段々旅をしていくうちに、11年前、地震、津波(の心配はありません)、神話、など物語のピースが揃ってくることによって、ああ、この旅の終わりはきっと三陸だ、すずめちゃんとお母さんが暮らしてたのもそこで、すずめちゃんがお母さんを失ったのは311なんだ、と分かってくる構成がとてもよかったです。段々と視聴者に身構えさせて、緊張感を引き上げていくつくりが上手い。


■登場人物の心の動きについて

私はいなくなってもいい(うろ覚え)みたいなことを言うすずめちゃん。でも、最後に「死ぬのは怖い」って言えたすずめちゃんはやっぱり主人公だよ……とエールを送りました。


全然自分を大事にしなくて、本当はやりたいことがあるのに、役目に自分を捧げざるをえなくなって、せめて最後にすずめちゃんと会えたからそれで十分だ……って思うそうたさん。きっとひと昔前の作品だったら、使命に身を捧げる人みたいな描かれ方をしてたかもしれない。けどそうたさんには、ちゃんと自分のやりたいことがある。そこがとても令和っぽく、新海誠ヒロインの新たな姿を見たと思いました。

そうたさんはすずめちゃんに生きる力前に進む力(靴)を与えて石になっていったから、きっと構造としてはそうたさんが光の方。すずめちゃんが闇。

でも一番泣いたのは、おばさんがすずめちゃんに本音をぶちまけるところです。年をとってきた証拠ですね。

■モデルになった土地について

たぶんすずめちゃんの住んでる門波町のモデルは宮崎県の油津、南郷、門川あたりの合体だと思います。

とてもよく見慣れた御茶ノ水。東京駅で中央線に乗り換えるときにてきぱき指示をするそうたさんに何故かめちゃくちゃ萌えたのだが何故かわかりませんでした。東京のミミズを封印するときに、大勢の犠牲かそうたさんの犠牲かを迫られたところで、天気の子ォオオ!となりました。もしかして過去作オマージュ多いですか?


あと、たぶん新宿御苑も映ってて嬉しかったです。言の葉の庭が好きなので……。東京で靴を失って一度歩けなくなったすずめちゃんが、東京でそうたさんの靴を借りてまた歩き出すの、言の葉の庭要素じゃないですか??(過剰反応)


■主題と、人物の心のリンクについて

私も、辺鄙な場所を旅してると、廃墟や忘れられた土地に出会うことが結構あります。

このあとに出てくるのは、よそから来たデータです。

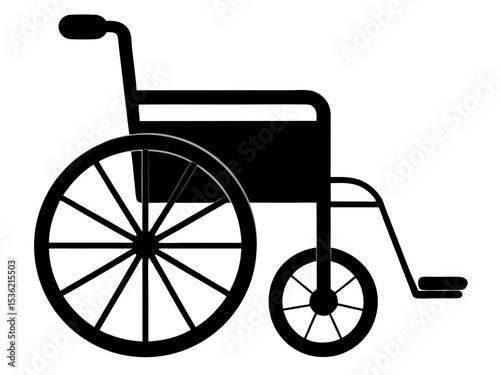 Wheelchair silhouette, Wheelchair icon, Wheelchair silhouette vector illustration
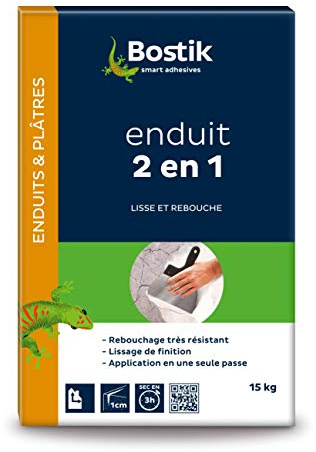Bostik 2-in-1 Glättungs- und Versiegelungsmittel, sehr robust bis zu 1 cm, Glättung, in Pulver, weiß, Beutel mit 15 kg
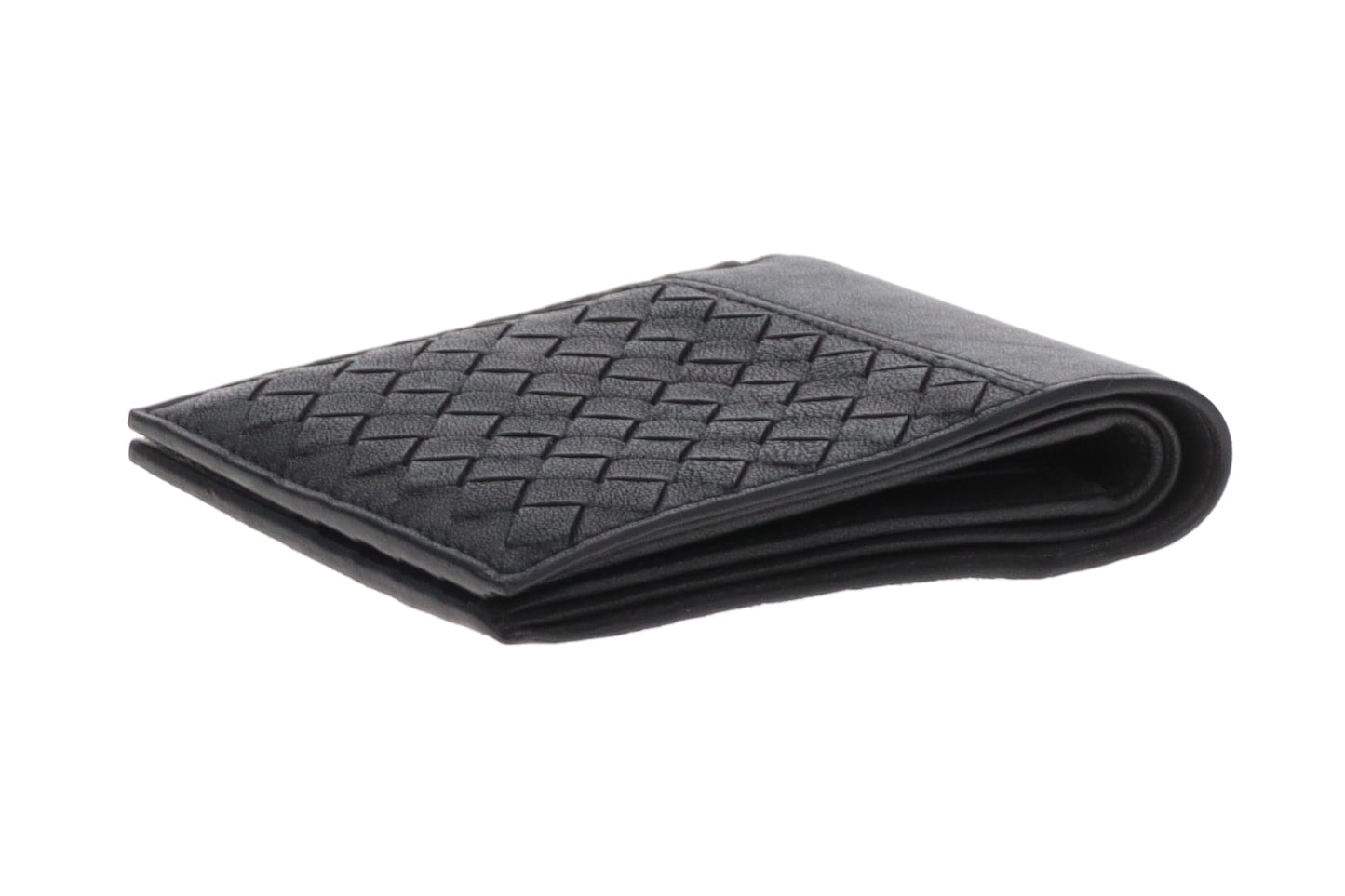 Bottega Veneta Bifold Mens Wallet In Intrecciato Black & Grey Leather
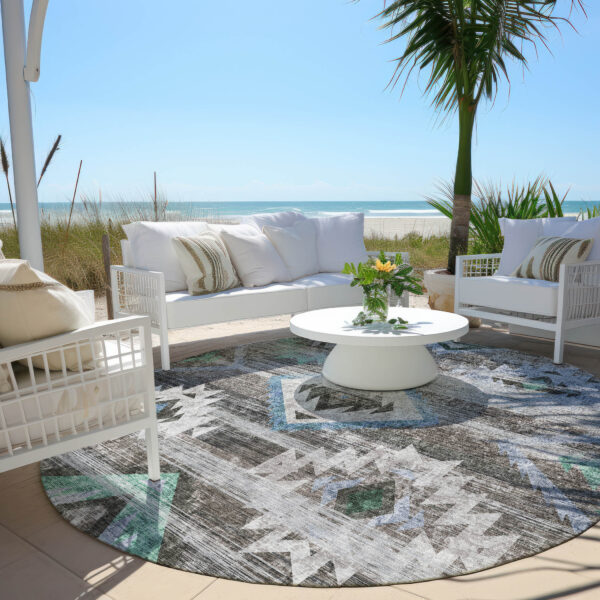 8' Brown Beige And Blue Round Southwestern Washable Indoor Outdoor Area Rug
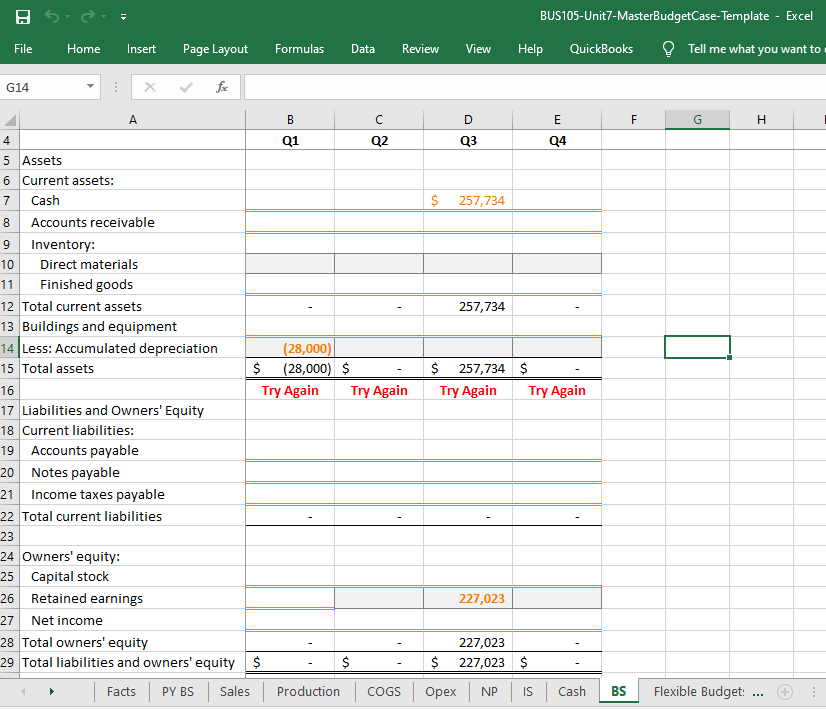 BUS105: Master Budgeting Case Instructions: Read the | Chegg.com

そういう場所って、なんかこのまま放っておいちゃいけないんじゃないか、この土地はずっとこのまま見過ごされていくのか、という哀しさを感じます。でも私にはそんな力はないので置いていくしかないし、変な神様や力場に引っ張られたくはないので(霊感は全くないけど予防として)忘れるのが最適なんですよね。そういう場所を、この作品は諦めなかったんだな……と思いました。今まで素通りしてきた廃墟に対するネガティブな気持ちが、少しポジティブになった気がします。


忘れ去られた場所と、置いてきた心のリンクが美しかったです。これは確かに、日本を縦断することに意味がある物語です。自分と同じように置き去りにされた土地・心にちゃんと整理をつけてあげることで、自分が取り戻さなきゃいけない心もわかっていくすずめちゃん。この流れがきれいに頭に入ってきました。


すずめちゃんは、小さいときに、三陸の常世に自分を半分置いてきちゃったんだと思います。心を出しっぱなしにしてしまってきた、というか(記憶喪失ではなく)。足が一本取れた椅子、というのもそういう意味なのかな、と……。だから扉にも触れるし、ダイジン(神様)に好かれちゃったのでしょう。ダイジンも、かなり純粋なだけの幼い神様のような気がします。物語の始まりのダイジンが抜けちゃった事件は、割と不幸な事故でしかないと、見終わった今は思います。


旅の途中途中で誰かと別れるとき、必ずハグシーンを入れてくるのが、印象的でよかったです。きっと全部がすずめちゃんの故郷になったし、いってきますとおかえりなさいが繰り返されて、それがすずめちゃんの心の戸締まりになった。傷を受けた心を開いたまま置き去りにしないで、ちゃんと鍵をかけて大事にしまう、この工程がすずめちゃんはずっとできてなかったんだと思います。だからこの旅は、いってきますとおかえりなさいを繰り返して学んで、心の戸締まりのやり方を取り戻して、きちんと過去の扉を閉めて未来に進むことができるようになるためのものだったんだと、思います。私も、心の戸締まりがちゃんとできてないことがあるかもしれない。日本全体も、まだ311の傷を戸締まりできてないのかもしれない。


■日本神話について

椅子の足が三本はストレートに八咫烏かな、と思いました。以下、ウィキペディア『八咫烏』より引用。『神武東征の際、高皇産霊尊(タカミムスビ)によって神武天皇のもとに遣わされ、熊野国から大和国への道案内をしたとされる。一般的に三本足の姿で知られ、…』。神武天皇は、宮崎神宮に祀られているほぼ神様みたいな初代天皇ですね。つまりこの物語は、神武東征みたいなものなのでしょうか。神武天皇がすずめちゃんで、八咫烏がそうたさん。出発地が日向で、八咫烏が案内してくれるのは首都(昔は大和国、現代は東京)まで。


そこまで深読みしてもいいし、あるいは単純に、神話的な内容なので、はじまりが宮崎県(神様が降りた地で有名な高千穂がある)で終わりが岩手県(常世の入口で有名な遠野、蓮台野がある)なんだろうな、すずめちゃんも岩戸だしウズメっぽいし、と簡単に考えてもよいと思います。


■最後に

映像の良さ、いつものことながらめっっっっちゃ素晴らしかったです。これこれ、これが食べたかったんだよ大将、と寿司屋でニカニカする人みたいになりました。ミミズが弾けた瞬間にその土地に通り雨が落ちるシーンが特に好きで、大神の大神降ろしを思い出しました。映像に対する感想はまだうまく言葉にできないので、もうちょっと噛もうと思います。
宣伝で『新海誠最高傑作!!』などと謳われているのを見て、「ひどい広報もいるもんだぜ……人には人それぞれの傑作があるだろうによ……」と思いながら見に行ったら私的には傑作だったのでビビりました。言の葉の庭に並んで、新海誠作品でトップクラスに好きかもしれない。ありがとう。明日を生きる力をもらえました。